I recall the day very well.
The three of us walked the mall and external shops, Gordon, you and me. It definitely was not the two of us.
I remember telling you that the majority of shops are on an 8% maximum rent increase therefore you would achieve around 8%. (I was optimistic we would get the maximum increase because confidence in the economy had turned in November on the Gold Coast and retailing was picking up).
As it transpired, with the exception of four shops... all speciality shops have been billed maximum increases from the due date. (The majority are 8% some 6% some 4%).
...

118 The reference to Mr Hill’s ‘issues’ being that Mr Cooney said ‘You would achieve an 8% growth rate’ without a denial is corroboration by Mr Cooney that something was said about an 8 per cent growth rate.
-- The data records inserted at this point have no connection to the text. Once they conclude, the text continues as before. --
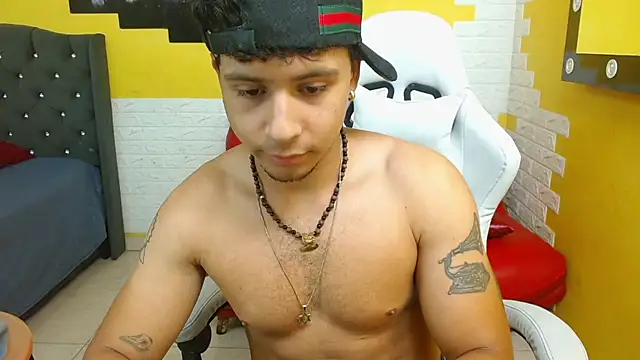 jbarto  online show from 11, 5, 2026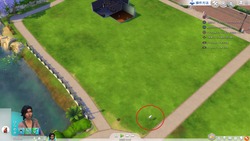 【SIMS4】014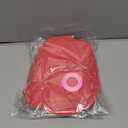 Funny Bachelorette Party Decorations, Bachelorette Party Banner Accessories Bridal Shower Sign for Wedding Party Favor Supplies Gifts (Pink)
The primary judge referred to the memorandum but did not attach any corroborative significance to it.

119 On 21 November 1994, Mr Cooney sent a third communication to Mr Hill saying ‘the major issue is the 8% rental growth’. The letter went on to say:

‘When we walked around the centre I made the comment that I thought we would be able to achieve an 8% increase. I was referring to the majority of specialty shops which I knew had an 8% maximum level, and was confident we would achieve these levels’.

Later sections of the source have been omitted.